Viernes, 10 de Febrero de 2012

El reportaje en televisión se acerca al entretenimiento

El periodismo ciudadano y la dramatización caracterizan los nuevos formatos

ALEJANDRO TORRÚS ·10/02/2012 - 09:48h

ALEJANDRO TORRÚS - El programa Comando actualidad' es un ejemplo del éxito de estos espacios. rtve

La información está de moda en televisión y el reportaje, el género al que mejor se adapta la información en la pequeña pantalla, también. Prueba de ello es la proliferación en la parrilla durante los últimos años de espacios como Equipo de investigación (Antena 3), Salvados (La Sexta), Comando actualidad (La 1) o La sexta columna (La Sexta), que se suman a la tradicional oferta de programas como Informe semanal, En portada o Documentos TV (TVE). Pero ¿qué tienen en común Informe semanal y Equipo de investigación? ¿Por qué proliferan en la actualidad este tipo de formatos?

Un buen reportaje debe mostrar, según Rafael Díaz, profesor titular de Información Audiovisual de la Universidad Complutense de Madrid, personajes arquetípicos, situaciones típicas e imágenes que hablen por sí mismas de manera que los testimonios elegidos y las situaciones descritas muestren "la realidad general desde lo concreto y particular". Para Alberto García, profesor de Comunicación Audiovisual de la Universidad de Navarra, el reportaje se diferencia de cualquier otro género informativo por su estructura "más libre, que reclama acompañamiento musical", por "la descripción de ambientes" y la "transmisión de sensaciones".

"El espectador tiende a informarse por la crisis", dice un profesor

La duda que surge es: ¿incluyen estos nuevos programas los ingredientes esenciales del reportaje? García considera que sí, aunque añade un factor que diferencia a la nueva generación de los reportajes tradicionales: "Intentan buscar temas menos políticos, más cercanos al periodismo ciudadano y alejados de las fuentes oficiales".

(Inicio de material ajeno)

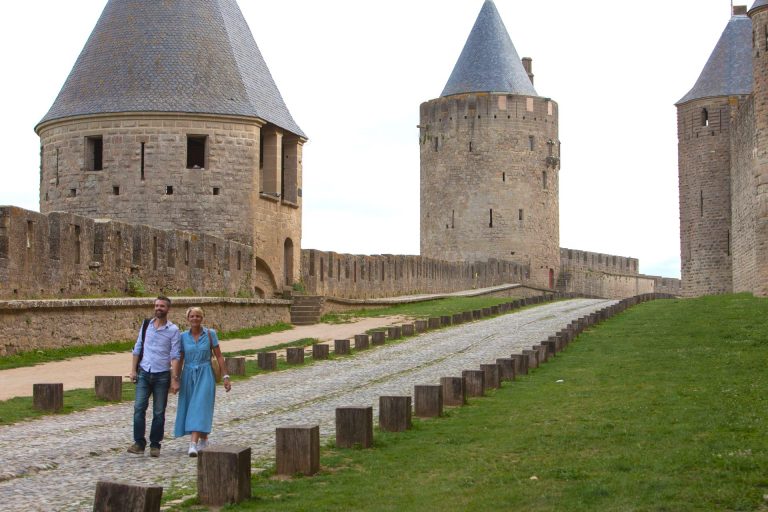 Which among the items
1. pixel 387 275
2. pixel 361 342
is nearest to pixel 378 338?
pixel 361 342

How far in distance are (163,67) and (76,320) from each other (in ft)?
44.1

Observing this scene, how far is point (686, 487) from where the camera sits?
7016 millimetres

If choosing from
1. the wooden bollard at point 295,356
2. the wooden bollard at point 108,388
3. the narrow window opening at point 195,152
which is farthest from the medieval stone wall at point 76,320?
the narrow window opening at point 195,152

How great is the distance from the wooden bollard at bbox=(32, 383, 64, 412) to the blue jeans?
9.97ft

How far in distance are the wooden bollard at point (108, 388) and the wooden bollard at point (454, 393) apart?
4197mm

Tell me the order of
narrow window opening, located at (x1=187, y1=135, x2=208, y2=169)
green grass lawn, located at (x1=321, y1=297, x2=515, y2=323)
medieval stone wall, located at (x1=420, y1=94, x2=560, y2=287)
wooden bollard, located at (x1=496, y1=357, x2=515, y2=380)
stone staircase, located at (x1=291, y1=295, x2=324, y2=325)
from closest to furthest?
wooden bollard, located at (x1=496, y1=357, x2=515, y2=380) → stone staircase, located at (x1=291, y1=295, x2=324, y2=325) → green grass lawn, located at (x1=321, y1=297, x2=515, y2=323) → narrow window opening, located at (x1=187, y1=135, x2=208, y2=169) → medieval stone wall, located at (x1=420, y1=94, x2=560, y2=287)

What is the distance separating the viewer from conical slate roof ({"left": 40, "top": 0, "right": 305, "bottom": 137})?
104 ft

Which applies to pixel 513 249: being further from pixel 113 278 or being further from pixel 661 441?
pixel 661 441

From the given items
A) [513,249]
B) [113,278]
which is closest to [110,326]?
[113,278]

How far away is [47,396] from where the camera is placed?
12.6 metres

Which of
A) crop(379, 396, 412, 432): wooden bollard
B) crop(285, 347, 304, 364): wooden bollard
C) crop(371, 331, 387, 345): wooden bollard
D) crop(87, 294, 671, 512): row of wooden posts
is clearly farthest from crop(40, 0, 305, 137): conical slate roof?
crop(379, 396, 412, 432): wooden bollard

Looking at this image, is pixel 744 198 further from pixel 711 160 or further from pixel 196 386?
pixel 196 386

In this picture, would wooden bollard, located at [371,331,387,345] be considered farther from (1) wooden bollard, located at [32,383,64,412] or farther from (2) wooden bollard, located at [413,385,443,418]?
(2) wooden bollard, located at [413,385,443,418]

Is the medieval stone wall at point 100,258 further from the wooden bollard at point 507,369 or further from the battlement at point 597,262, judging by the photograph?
the battlement at point 597,262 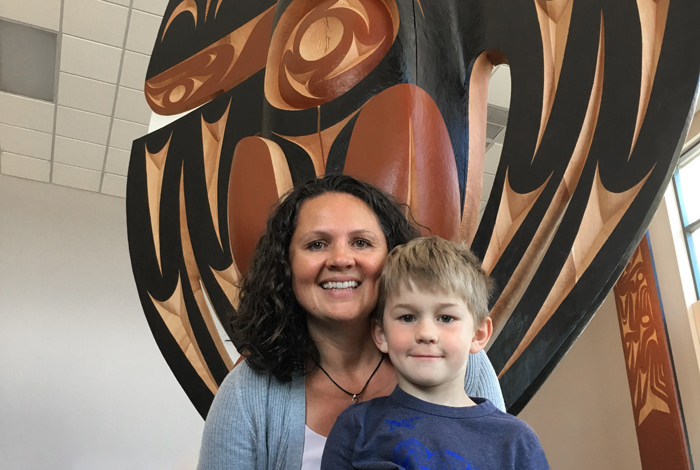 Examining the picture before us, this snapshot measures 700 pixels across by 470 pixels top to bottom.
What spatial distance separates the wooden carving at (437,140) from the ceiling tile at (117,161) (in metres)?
3.82

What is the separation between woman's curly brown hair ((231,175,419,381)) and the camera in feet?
3.76

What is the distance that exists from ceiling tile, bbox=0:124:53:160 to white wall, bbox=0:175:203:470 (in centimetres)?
44

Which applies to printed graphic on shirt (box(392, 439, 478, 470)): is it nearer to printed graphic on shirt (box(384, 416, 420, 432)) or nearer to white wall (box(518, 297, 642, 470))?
printed graphic on shirt (box(384, 416, 420, 432))

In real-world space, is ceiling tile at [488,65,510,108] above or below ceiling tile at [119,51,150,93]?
above

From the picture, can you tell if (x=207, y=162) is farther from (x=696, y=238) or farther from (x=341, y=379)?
(x=696, y=238)

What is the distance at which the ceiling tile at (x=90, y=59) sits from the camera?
461 centimetres

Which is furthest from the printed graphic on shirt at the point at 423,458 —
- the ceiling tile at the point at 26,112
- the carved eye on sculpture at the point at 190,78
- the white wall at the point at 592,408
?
the ceiling tile at the point at 26,112

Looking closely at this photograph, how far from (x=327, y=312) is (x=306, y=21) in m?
0.78

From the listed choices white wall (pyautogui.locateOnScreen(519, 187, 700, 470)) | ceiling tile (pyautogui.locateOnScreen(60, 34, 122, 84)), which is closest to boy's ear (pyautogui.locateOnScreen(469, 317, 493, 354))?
white wall (pyautogui.locateOnScreen(519, 187, 700, 470))

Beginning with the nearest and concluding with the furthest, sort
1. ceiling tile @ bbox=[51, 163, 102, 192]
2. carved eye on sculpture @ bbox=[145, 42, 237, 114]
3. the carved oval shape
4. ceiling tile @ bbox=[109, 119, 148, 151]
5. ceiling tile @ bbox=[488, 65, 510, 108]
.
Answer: the carved oval shape → carved eye on sculpture @ bbox=[145, 42, 237, 114] → ceiling tile @ bbox=[488, 65, 510, 108] → ceiling tile @ bbox=[109, 119, 148, 151] → ceiling tile @ bbox=[51, 163, 102, 192]

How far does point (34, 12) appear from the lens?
4.37 meters

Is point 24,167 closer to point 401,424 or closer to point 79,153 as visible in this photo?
point 79,153

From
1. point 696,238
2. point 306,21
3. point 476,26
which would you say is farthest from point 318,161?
point 696,238

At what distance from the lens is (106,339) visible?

Este nuevo elemento da lugar a nuevos subgéneros dentro del reportaje. Belén Andueza, doctora en Comunicación Audiovisual, señala que esta nueva oleada de espacios se puede definir por su contenido "dramático". Andueza distingue entre reportajes drama-show, basados en la vida de un determinado personaje anónimo que sirve como eje del reportaje en el que Comando Actualidad serviría como ejemplo, y otro subgénero de reportajes menos dramatizados, en el que la realidad es mostrada a través de las peripecias del reportero que se convierte en el verdadero protagonista. El ejemplo que mejor resume este segundo subgénero sería, en opinión de Adueza, Salvados, con Jordi Évole a la cabeza.

Este último formato supone para Rafael Díaz el caso "más interesante" de todas las nuevas propuestas. "Es un buen ejemplo de las últimas tendencias de hibridación en el género. Es un modelo de programa muy cercano al concepto de reportaje de Michael Moore. Un formato que se mueve entre el reportaje y el magacín", explica Díaz, que añade que Salvados también sirve para ejemplificar cómo la información se acerca al entretenimiento.

El menor coste de este tipo de programas atrae a las cadenas

'Mi cámara y yo': el origen

Esta tendencia de acercamiento al entretenimiento con aspectos más dramáticos tuvo su origen, según los expertos consultados, en el espacio de Telemadrid Mi cámara y yo, que supuso un gran éxito de audiencia. "El objetivo no es tanto auscultar una determinada cuestión como Informe semanal señala Díaz, sino buscar la identificación del espectador. De hecho, este formato tuvo un gran éxito y ha tenido infinidad de secuelas".

Pero ¿por qué a raíz de la crisis se ha puesto de moda este tipo de reportajes? Para Alberto García una de las claves radica en que en tiempos donde "se hace más difícil llegar a fin de mes" el espectador tiende más a informarse. Por otra parte, Díaz añade la necesidad de la audiencia de encontrar sus problemas "reflejados" en la pantalla e incluso de tomarse una pequeña "revancha" viendo cómo señalan a los culpables.

"'Salvados' es similar al concepto de reportaje de Michael Moore"

No obstante, todos los expertos consultados coinciden en un tercer factor determinante: la crisis afecta también a las televisiones y a las productoras y a estas les resulta más barato la información como entretenimiento que la ficción.